With love in the Lord,
It has been on my mind for some time past to send you a few lines to let you know what is going on in connection with the 'testimony of our Lord', so far as it comes under my observation, for I am sure of your great interest in what is going on, though you are yourself shut out from the activities save in spirit and mind. So far as I see, a great and general interest is maintained in the truth, and the old ideas of 'standing and walk' have given way to an apprehension of God's purpose in Christ and of the moral state in the believer which is the answer to that purpose and the effect of the light which has been brought to man. The experimental side from Egypt to Canaan, especially the bitter waters of Marah, the brazen serpent and Jordan, are now subjects of much attention, and seen, I think, in their true light as the line by which we approach God's purpose as to the church in Christ. It is on this line that ministry arouses interest. That there is here and there a certain amount of disaffection in one and another is indeed true; but I think it arises from the defect of clinging to dogmatism and ecclesiasticism, and failure of apprehension of the
'living stone'. They do not, I judge, know, save in terms and doctrine, the true foundation of christianity, the Father and the Son, they lack an acquaintance with the Persons, and in the affections proper to that acquaintance.... Our readings in London are largely attended. We are still reading Matthew; we began chapter 17 last time, but harped back on the church; we held that the structure was built up in the divine nature -- love; the foundation being the revelation of Christ as the expression of that nature, and hence the gates of hell could not prevail against it.
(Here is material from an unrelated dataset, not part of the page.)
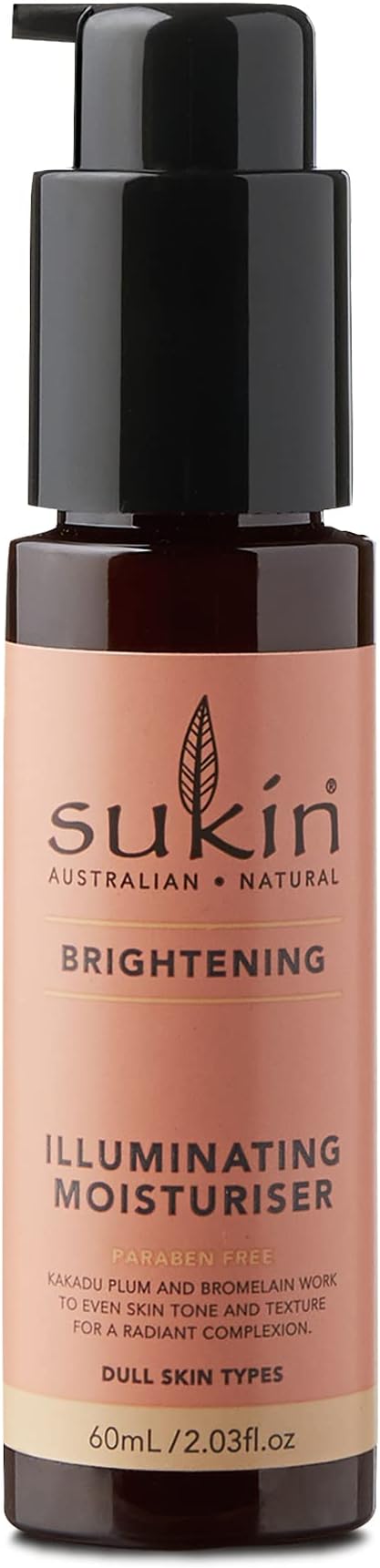 Sukin Brightening Illuminating Moisturiser 60ml Kakadu Plum Bromelain Radiance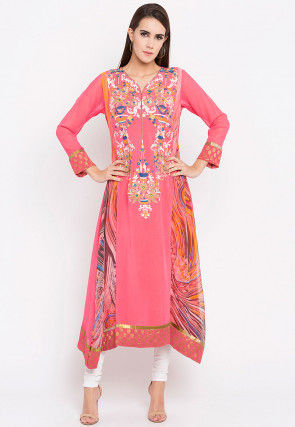 Embroidered Georgette Asymmetric Anarkali Kurta in Pink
I have been spending two or three days in Birmingham. Our subjects in the afternoon readings were deliverance (Romans 6 to 8) as necessary to the new position of the believer in Christ in regard to God.. . and in the evening the raising up of man, as seen in John 5 by the light in the heart of the Father and the Son, and the absolute separation of the saints from the world by the Spirit of truth (John 14), with a view to fruit-bearing (John 15), and the unfolding to them of the Father's things in which the Son was glorified (John 16).
I can hardly think any one could put such a construction on Philippians 2. He (Christ) certainly left His first estate to take a servant's form, becoming in the likeness of men; the Word became flesh to dwell among men, but I do not understand this to mean that He relinquished attributes that properly attached to His Person, though I believe that in becoming Man He entered into the reality of the place He took as Man, and that Scripture can and does view Him (when seen in relation to men) distinct and apart from what He is as God, though what He is as divine gives its character to all.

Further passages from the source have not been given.